If you're going to write for communication, you should put down your word-a-day calendar and be more concise.

If you're annoyed because JWs are at your door and you have to walk down five flights just to find out who it is, notice that they didn't put you in that position... YOU put you in that position by picking a shitty place to live. (I find it hard to believe in the first place, because most legitimate callers would leave your step well before you made it downstairs.)

The turning point of the essay is that evangelicals are not earnest and are merely trying to fool themselves through consensus-building. The proof of this is left as an exercise for the reader -- which means, if you question that point, you can stop reading right there.

But I notice the trained seals on Bill Maher's show clapping excitedly at every statement they can find, without thought.

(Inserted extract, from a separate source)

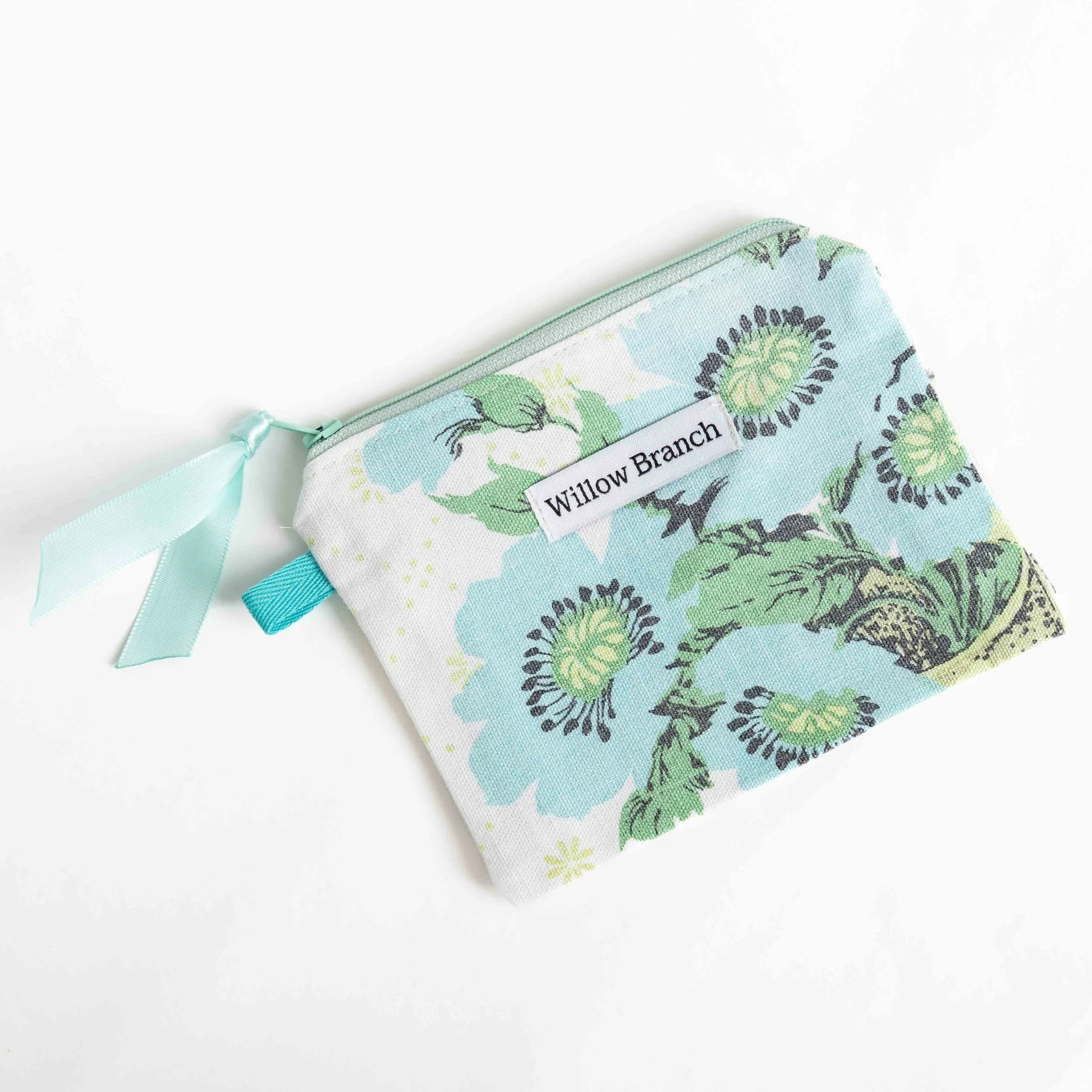 Vintage Blue Floral Flat Pouch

I figure this consensus-building is part of human gregariousness, and we almost all do it.

Furthermore, if you actually asked a JW, you would have learned that most of them have been walking their beat for years and have not converted one single person. "Needing" consensus, really? But you came to conclusions about their inner thoughts and motivations without actually asking them.

"They will get louder and more insistent." But your own answer to this is to preëmptively get louder and more insistent. We imagine you now being angry at the JWs, in the storyline you did not pick up by the end of your essay. We think it will make you feel marginally better about your shitty apartment choice, but have no impact on anyone else, including your targets.

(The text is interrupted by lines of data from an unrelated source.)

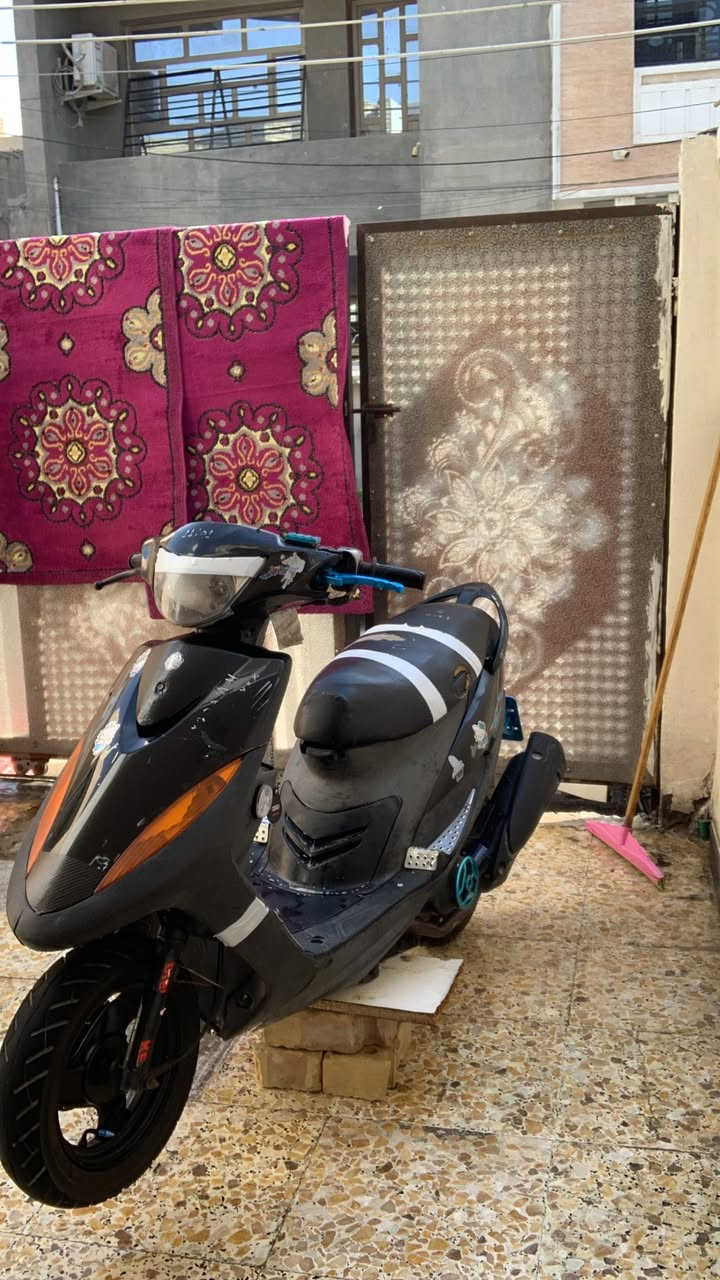 السلام وعليكم
ماكس عدله دراجه حلوه ومرتبه 49 
نواقصها بسيطه ومبينه بل صور 
بيها كم شغله مرتبه وكله  RGS 
سمائي كلشي بيها جديد 
تجي وتشوف بعينك 
مكاني بغداد الدوره 
رقمي 
*********** 
@الكل
@الجميع
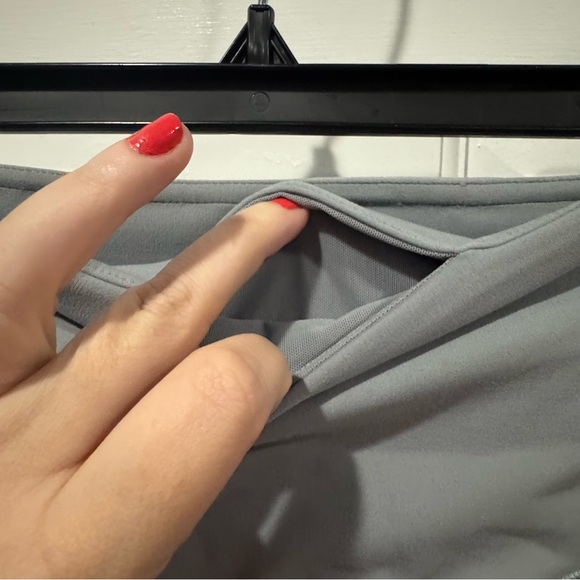 Athleta Ultra High Rise‎ Elation Capri Leggings | Size M | NWT - Picture 6 of 8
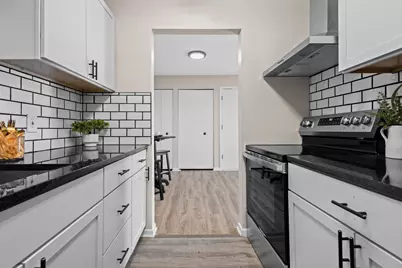 10259 W Whitnall Edge Dr #103, Franklin, WI 53132 - Photo 9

But why take up arms now? Religion has been at the heart of much worse fascism than the W. administration. And we notice its power diminishing. The Pew organization regularly surveys people about religion in their lives and we see the same trends in Europe happening here, albeit about 20 years later.

Quote:
The survey finds that the number of people who say they are unaffiliated with any particular faith today (16.1%) is more than double the number who say they were not affiliated with any particular religion as children. Among Americans ages 18-29, one-in-four say they are not currently affiliated with any particular religion.